You choose jeans, a soft gray sweater, and the pair of shoes you can move quickly in if you need to. You dab concealer over the mark on your cheek, not because you want to hide it forever, but because you want control over when it gets seen and by whom. Daniel is still asleep upstairs, one arm thrown across the bed like a man who believes night erased what he did in the kitchen.

You move through the house with the strange calm that comes after fear burns itself down to purpose.
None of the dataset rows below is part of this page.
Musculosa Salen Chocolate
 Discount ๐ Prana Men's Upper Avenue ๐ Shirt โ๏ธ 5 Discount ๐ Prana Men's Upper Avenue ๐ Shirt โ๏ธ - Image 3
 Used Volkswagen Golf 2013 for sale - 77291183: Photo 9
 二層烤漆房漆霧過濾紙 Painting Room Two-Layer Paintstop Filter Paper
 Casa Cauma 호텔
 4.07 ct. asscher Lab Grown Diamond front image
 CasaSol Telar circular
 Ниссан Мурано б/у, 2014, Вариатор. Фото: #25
The coffee maker hums. The refrigerator light glows when you open it. You take out eggs, butter, orange juice, and the biscuit dough you bought two days ago, back when you were still planning for a weekend that looked normal from the outside. You set everything on the counter and realize your hands are no longer shaking.
That surprises you.
You thought courage would feel hot, dramatic, loud. Instead, it feels almost cold, like a clear winter morning when every edge in the world suddenly sharpens and nothing looks soft enough to hide behind. You crack eggs into a bowl and whisk them with a steadiness you haven’t felt in years.
At exactly 7:01, there is a knock at the front door.
Not tentative. Not aggressive. Just one firm knock, then another, the kind that says the person on the other side already knows they belong here. When you open it, Michael is standing on the porch in a dark jacket over a white T-shirt, his hair damp from the early Ohio mist, his jaw tight in the way it always got when he was forcing himself not to say everything he was thinking.
For a second, neither of you speaks.
He takes one look at your face and his own changes. It is not outrage first. It is heartbreak. The outrage comes a breath later, rising behind his eyes like something with teeth, but heartbreak gets there before it does, and that almost undoes you more than anything Daniel did the night before.